「まんまる」
2009年10月29日
トントントントン。
ノックの音。
うるさいな。
まんまるの身体から、無数の針が飛び出した。
ゴロゴロゴロゴロ暴れたので、
布団も枕も穴が空いてグジャグジャ。
綿もでてきた。
本棚の本もビリビリ。
本棚ごと豪快に倒して、1ページ1ベージ丸めて踏みつけるよ。
スタンドの豆電球も身体の針で潰してやった。
電気が少し身体に走った。
ビリビリビリ

ゴニョゴニョゴニョゴニョ
誰かの小言。
ジリジリジリ。
目覚まし時計の音。

くるなくるなくるなくるな。
みるなみるなみるなみるな。

まんまるだった身体は、今や無数の針で支配されていて。
もうすでに、自分の部屋にあるものはすべて壊れてしまった。

ノックの音からとっても小さな声がした。

「大丈夫だよ。
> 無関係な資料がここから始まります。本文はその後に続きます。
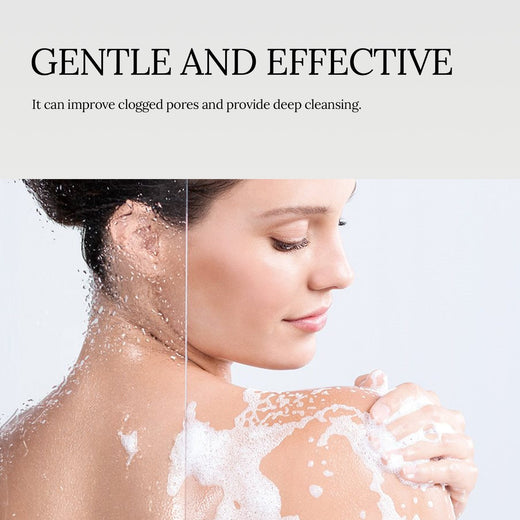 Niacinamide Body Wash for Bumpy Skin & Dull Tone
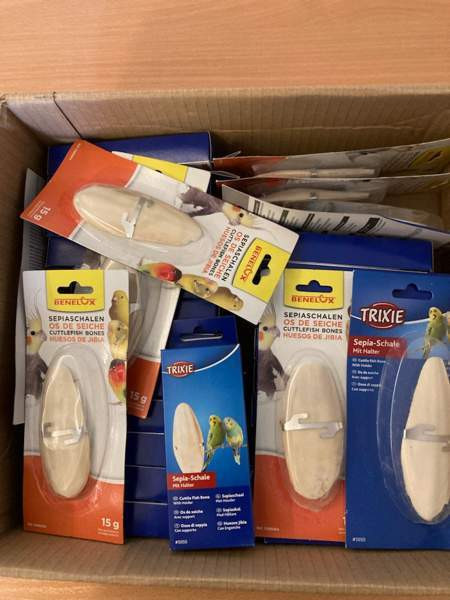 Seepiansuomuja 31kpl Siikajoki - valokuva 1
」

おそるおそる。
にょっと手をドアノブにそえた。

ギィギィギィ・・・ギギギギ。
ドアの外は真っ白。
渦をまいたでんでんむしがいた。
「綺麗な花みつけたから届けにきたよ。はい。」
花束を受け取った。
ノソノソと湿った足跡を残して去って行くでんでん虫。

でんでん虫の触れた花の茎の部分も湿っていた。
綺麗な花は、輝くオレンジ色の百合だった。

ギィ。ドアを閉めた。
花瓶に花を飾って。
針と糸を通して、セロハンテープを活用して。
外に買い物に行った。

こうして、ぼくは、再び、まんまるになった。